Search code examples
pythonjsongoogle-bigquerygoogle-apigoogle-cloud-storage

Write a new key to every line in a NDJSON file


I'm trying to format the data to feed into an API. The requested body asking for

{ userEvent: { eventType: "home-page-view", visitorId: "visitor-1", userInfo: { userId: "user-1" } } }
{ userEvent: { eventType: "home-page-view", visitorId: "visitor-2", userInfo: { userId: "user-2" } } }
{ userEvent: { eventType: "home-page-view", visitorId: "visitor-3", userInfo: { userId: "user-3" } } }
...

I got a query to get the required columns in BigQuery and then push the table result to GCS in the NDJSON format.
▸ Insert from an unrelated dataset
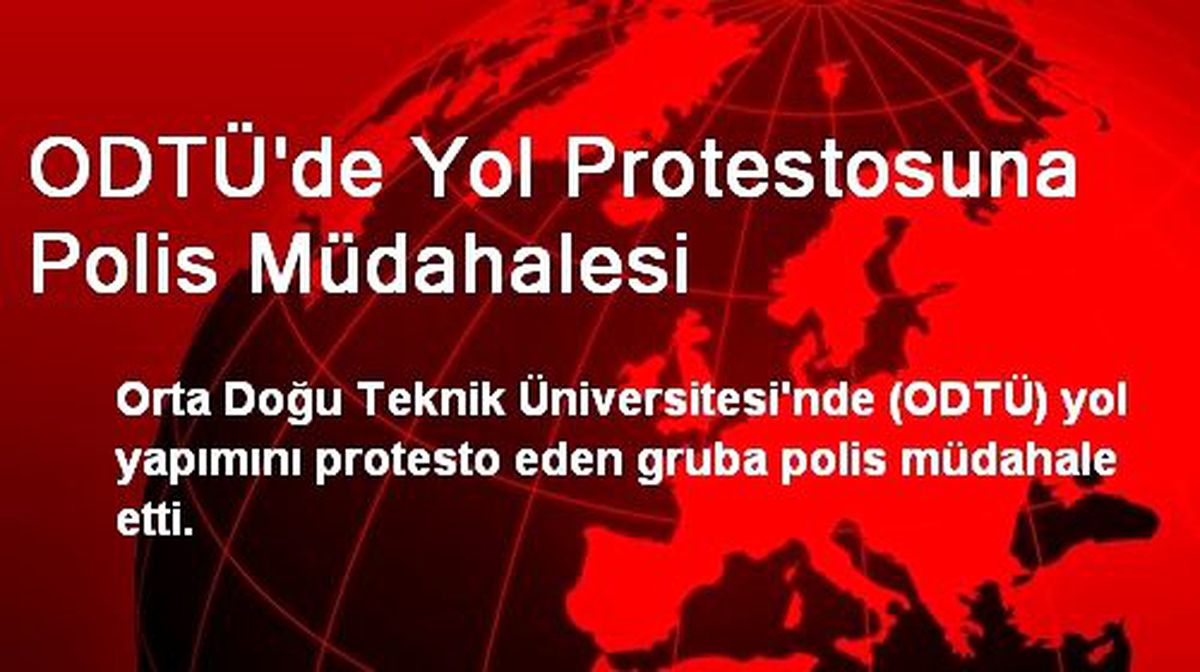ODTÜ\'de Yol Protestosuna Polis Müdahalesi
However, I have no clue how to add a key userEvent to include the currently available results (1) during the query or (2) after storing the NDJSON file in GCS. Given that the expected number of rows will be roughly one million, I wonder what the most efficient solution to this as I'd like to avoid a for loop to go through each line...

This is what I have now:

# get the BigQuery result and store in the "results" variable
query_job = bq_client.query(query, job_config=job_config, location="US")
results = query_job.result() #<google.cloud.bigquery.table.RowIterator at 0x148728310>

# The current NDJSON file in GCS
{"eventType":"home-page-view","visitorId":"13245","userInfo":{"userId":"11111"}
{"eventType":"home-page-view","visitorId":"56789","userInfo":{"userId":"22222"}

Solution

  • As commented by @Anita, you can refer to the below sample code mentioned in this stack link to add the key:value pair.

    import json
    
    with open(json_file) as json_file:
        json_decoded = json.load(json_file)
    
    json_decoded['KEY'] = 'VALUE'
    
    with open(json_file, 'w') as json_file:
        json.dump(json_decoded, json_file)
    
    

    Posting the answer as community wiki for the benefit of the community that might encounter this use case in the future.

    Feel free to edit this answer for additional information.